Patti McGill Peterson Center for International and Intercultural Studies
Thanks to the Romeo-Gilbert Intercultural Endowment Fund, in the fall of 2012, I had the opportunity to experience Buddhism as it is practiced in contemporary China. Having taken a course on Chinese religious practices at St. Lawrence University in the Fall of my sophomore year, I thought it appropriate to experience first hand Buddhist religious practice while I spent time abroad in Shanghai, China. My goal was to visit as many Buddhist grounds as possible. In order to accomplish my goals, I began researching Buddhist temples, monuments and museums prior to arriving in China.
Knowing little about how Chinese people view religion in their society, I relied on my host family for a more elaborate description of how Buddhism is used in Chinese society as a mode for traditional practice and daily ritual. Fortunately for me, my host grandmother whom I lived with for four months was a practicing Buddhist. Unlike in my Chinese religion class back at St. Lawrence, I was not learning through written texts or lecture but through ritual practice. Every morning at breakfast, I would watch as my host grandmother prayed to her Buddha.
Prayer music would fill the kitchen as my host grandmother bowed up and down repeating ritual prayers. Incense was lit and food items such as oranges were given as sacrifices.
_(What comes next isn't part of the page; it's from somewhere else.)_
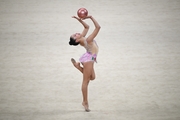 Catalina Avila Cisneros during the ball exercise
When I began visiting different Buddhist temples locally in Shanghai, I found that similar food sacrifices would be given and similar prayer music would be playing over the speakers. Although I was not Buddhist, I found that recognizing the sacrificial items and recognizing the prayer music made me feel more comfortable and gave me a sense of belonging at the sacred grounds of the Buddhist temples.
Over the course of the semester I was able to visit these notable temples: Jade Buddha Temple (Shanghai), Jing' an Temple (Shanghai), Lingshan Grand Buddha (Wuxi), Lingyin Temple (Hangzhou), Harbin Temple of Bliss (Harbin) and Temple of Heaven (Beijing). Besides temples, I was able to visit museums such as the Shanghai Museum, which had an entire exhibit dedicated to the construction of Buddha statues. The most notable Buddhist temple I had the chance to visit was the Lingshan Grande Buddha (Wuxi), which remains the eighth largest Buddha in the world. On site is the 88 meter bronze Buddha and two large Buddhist temples. It took about two and a half hours to explore the entire area.
Whether the temple was as far south as Shanghai or as far north as Harbin, Buddhist temples were places of escape from the hustle bustle of ordinary life. Regardless of age or ethnicity, I would find groups of Chinese people praying to Buddha. Whether the Buddha was made of bronze or jade or wood, followers were present lighting incense, bowing to Buddha and making either a financial sacrifice or food sacrifice. It did not matter whether you were wearing a business suit or tattered clothes, everyone was welcome to stop and make time for Buddha.